NFS threads getting stuck in vmem_bt_alloc() at "btalloc"? (mbuf allocation)

Thu Feb 13 02:02:16 UTC 2014

I wrote:
> I've been doing some testing using pagesize clusters (4K) for NFS
> instead of mclbytes (2K) on a single core i386.
> Sometimes I get threads stuck sleeping on "btalloc", which seems
> to happen in vmem_bt_alloc().
>
> The comment in vmem_bt_alloc() basically says:
>   out of address space or lost a fill race
> Since this is persistent, I suspect it is the first case?
>
> So, does anyone know what is going on here or what I should look
> at to try and resolve this?
>
> Btw, when I am testing, I don't see the pagesize cluster allocation
> exceed 400, so it doesn't seem to be a leak or excessive allocation.
>
> Thanks in advance for any help, rick
I originally posted this to freebsd-hackers@, but since it seems to
be related to mbuf allocation, I thought it might be better here.

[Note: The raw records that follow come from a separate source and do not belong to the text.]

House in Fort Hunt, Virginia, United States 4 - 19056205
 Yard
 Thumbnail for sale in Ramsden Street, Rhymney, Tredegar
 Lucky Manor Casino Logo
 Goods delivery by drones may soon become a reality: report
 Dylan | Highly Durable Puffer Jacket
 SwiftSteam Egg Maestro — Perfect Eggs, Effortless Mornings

When I posted this, I knew nothing about uma or the current mbuf allocation
mechanisms. Now, I know a little bit and the story is getting interesting...

Currently, NFS does:
    MGET(..M_WAITOK);
    MCLGET(..M_NOWAIT);
when it wants an mbuf cluster. It was done this way long ago, because mbuf
clusters could become exhausted and this allowed NFS to limp along, using
long lists of regular mbufs for the data (NFS RPC messages).

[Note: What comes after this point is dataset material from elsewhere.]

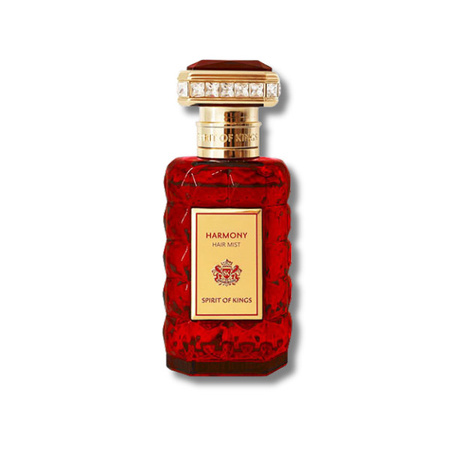 Spirit Of King Harmony Hair Mist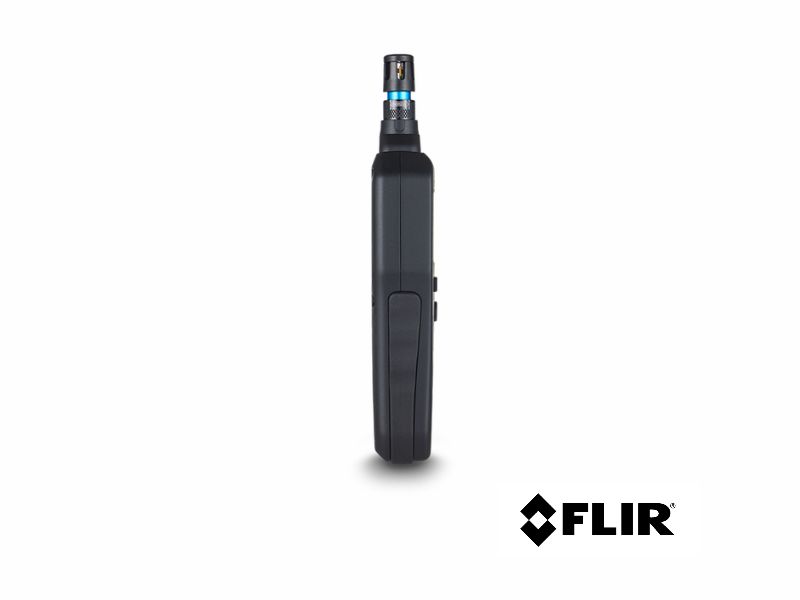 FLIR EM57 - Medidor ambiental para climatización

Now, it seems that this does the following (MCLGET() is just m_clget(), which
is an inline function in sys/mbuf.h):
    MGET(..M_WAITOK)   - always returns an mbuf
    m_clget(..M_NOWAIT)
    - calls uma_alloc_arg(zone_clust, M_NOWAIT..)
    if this fails, it then
        zone_drain(zone_pack);
        calls uma_alloc_arg(zone_clust, M_NOWAIT..) again
As such, it will zone_drain(zone_pack) when cluster allocations become difficult
(including when a uma zone allocation for a boundary tag can't succeed without
 waiting). I suspect this usually fixes the problem and the second attempt
succeeds. However, even if the second attempt fails, NFS still has an mbuf and
doesn't get stuck in "btalloc".

When I was doing recent testing to see how pagesize clusters would work, I
switched to m_getjcl(..M_WAITOK..), which can get stuck in "btalloc" if an
attempt to allocate a boundary tag fails, due to lack of kernel address space.
I test on i386, but it still isn't obvious how I exhausted kernel address space?
One thing I notice is that zone_pack is set to the same limit as the mbuf zone
at 168765. However, unlike the mbuf zone, I think that many of the entries in
zone_pack will have a cluster associated with them. I am thinking that the limit
for zone_pack is on the high side, since zone_clust is limited to 26368 on my
i386 and maybe this is how kernel address space gets exhausted?

In summary, to play it safe, I think that if NFS is going to use pagesize
clusters, it needs to:
- call m_getjcl(..M_NOWAIT..);   /* call with M_NOWAIT */
- if this fails (returns NULL) then
  - call MGET(..M_WAITOK..)
  - call MCLGET(.. M_NOWAIT..)
That way, I don't think the NFS threads can get stuck sleeping on "btalloc" and
calls to zone_drain(zone_pack) will happen when allocation gets constrained.

This means that the length of the mbuf list for a read reply could be
- length (64K or whatever) / MLEN
for the worst case, since allocation of clusters isn't guaranteed.
(Garrett, I think you have to make your iovec that big if you are going to
 use a fixed size allocation instead of the current code, which malloc()s
 enough for the list.)

It seems to me that m_getcl()/m_getjcl() should do a zone_drain(zone_pack)
when an allocation fails (for M_NOWAIT), but that is just a suggestion?

What do others think of the above? rick